The prediction error is the distance between what g(x) (in our example, g(x) = 2 + 1*x) predicts for a given x, and the true y of this particular x. For example in the graph below, for x = 4, our function predicts that y’ = 2 + 1*4 = 6 whereas the true output is 8, so the prediction error at this point is 2. But for x = 1, our function predicts that y’ = 2 + 1*1 = 3 whereas y = 2, so the prediction error at this point is -1. As you can see in the graph below, some prediction errors are positive (the predicted Y’ is bigger than the true Y) while one is negative (the predicted Y’ is smaller than the true Y).

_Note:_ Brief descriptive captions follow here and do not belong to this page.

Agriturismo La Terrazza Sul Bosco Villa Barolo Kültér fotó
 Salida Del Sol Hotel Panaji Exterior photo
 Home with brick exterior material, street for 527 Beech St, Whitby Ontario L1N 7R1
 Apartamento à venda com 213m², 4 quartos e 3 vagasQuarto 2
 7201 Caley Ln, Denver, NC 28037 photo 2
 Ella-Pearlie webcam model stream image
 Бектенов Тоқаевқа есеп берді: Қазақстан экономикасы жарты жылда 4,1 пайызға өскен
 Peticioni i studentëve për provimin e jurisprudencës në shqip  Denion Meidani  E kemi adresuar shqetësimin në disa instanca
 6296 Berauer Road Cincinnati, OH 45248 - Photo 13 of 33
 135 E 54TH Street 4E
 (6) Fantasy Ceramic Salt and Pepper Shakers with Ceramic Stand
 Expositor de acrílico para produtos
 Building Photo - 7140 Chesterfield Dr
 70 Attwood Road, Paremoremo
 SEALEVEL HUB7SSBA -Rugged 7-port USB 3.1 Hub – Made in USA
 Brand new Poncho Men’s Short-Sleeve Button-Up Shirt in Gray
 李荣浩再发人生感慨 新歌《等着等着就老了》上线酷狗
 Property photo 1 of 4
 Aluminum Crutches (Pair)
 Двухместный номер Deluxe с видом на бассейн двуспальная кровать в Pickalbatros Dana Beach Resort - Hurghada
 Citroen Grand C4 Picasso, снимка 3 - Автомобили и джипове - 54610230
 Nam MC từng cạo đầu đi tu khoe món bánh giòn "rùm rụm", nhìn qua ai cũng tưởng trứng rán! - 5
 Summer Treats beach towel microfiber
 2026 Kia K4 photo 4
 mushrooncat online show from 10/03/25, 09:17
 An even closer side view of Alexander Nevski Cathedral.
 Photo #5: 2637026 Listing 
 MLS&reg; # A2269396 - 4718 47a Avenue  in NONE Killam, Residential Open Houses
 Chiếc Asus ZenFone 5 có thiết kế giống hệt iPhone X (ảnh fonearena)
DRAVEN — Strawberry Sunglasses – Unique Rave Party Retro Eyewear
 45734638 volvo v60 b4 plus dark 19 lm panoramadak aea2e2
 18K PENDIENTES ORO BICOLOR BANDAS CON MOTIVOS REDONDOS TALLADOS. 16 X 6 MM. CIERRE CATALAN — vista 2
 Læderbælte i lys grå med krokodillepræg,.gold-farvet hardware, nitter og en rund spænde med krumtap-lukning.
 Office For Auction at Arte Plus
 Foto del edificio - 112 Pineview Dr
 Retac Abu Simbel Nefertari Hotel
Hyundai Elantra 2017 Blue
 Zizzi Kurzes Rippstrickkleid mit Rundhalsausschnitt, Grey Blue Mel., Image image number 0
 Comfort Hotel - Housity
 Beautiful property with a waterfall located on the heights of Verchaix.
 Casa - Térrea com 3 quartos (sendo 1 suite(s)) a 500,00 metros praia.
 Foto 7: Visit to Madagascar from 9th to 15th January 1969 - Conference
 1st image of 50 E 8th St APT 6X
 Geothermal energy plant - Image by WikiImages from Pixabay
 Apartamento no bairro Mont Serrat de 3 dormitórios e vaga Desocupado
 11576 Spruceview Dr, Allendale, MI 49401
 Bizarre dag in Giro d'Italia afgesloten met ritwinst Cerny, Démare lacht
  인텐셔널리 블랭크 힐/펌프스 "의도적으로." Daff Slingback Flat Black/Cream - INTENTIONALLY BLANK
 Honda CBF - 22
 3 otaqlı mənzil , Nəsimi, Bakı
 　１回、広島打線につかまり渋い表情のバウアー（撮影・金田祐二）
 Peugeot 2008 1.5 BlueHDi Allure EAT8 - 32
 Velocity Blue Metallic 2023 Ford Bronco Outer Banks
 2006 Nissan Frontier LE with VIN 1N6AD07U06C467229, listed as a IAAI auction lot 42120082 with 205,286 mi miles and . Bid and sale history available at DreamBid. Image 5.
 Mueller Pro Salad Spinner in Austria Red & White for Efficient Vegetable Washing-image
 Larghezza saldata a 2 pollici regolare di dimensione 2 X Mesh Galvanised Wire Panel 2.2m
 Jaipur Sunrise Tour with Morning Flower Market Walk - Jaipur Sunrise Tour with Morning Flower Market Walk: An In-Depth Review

In order to know if our approximate target function is representative of our data set, we want to know the overall prediction error. If we sum the value of the prediction error at each point, we will end up with an addition of positive (e.g: 2 for x = 4) and negative values (e.g: -1 for x = 1) so one cancelling the other. The problem is that each prediction error, whether it is positive or negative, is an actual error and must increase the overall error function. This is why we square each error to get only positive values. Thus, at each point, we use:

` (y-y')² `

`(y-y')`

The total sum of square error looks like that:

`∑(y-y')²`

In order to get the average of the sum of square error, we divide it by the number of data points (M) that we have:

`1/M*∑(y-y')²`

This is called the cost function, we write it this way:

`J(W0, W1)`

Meaning that the cost function depends on W0 and W1.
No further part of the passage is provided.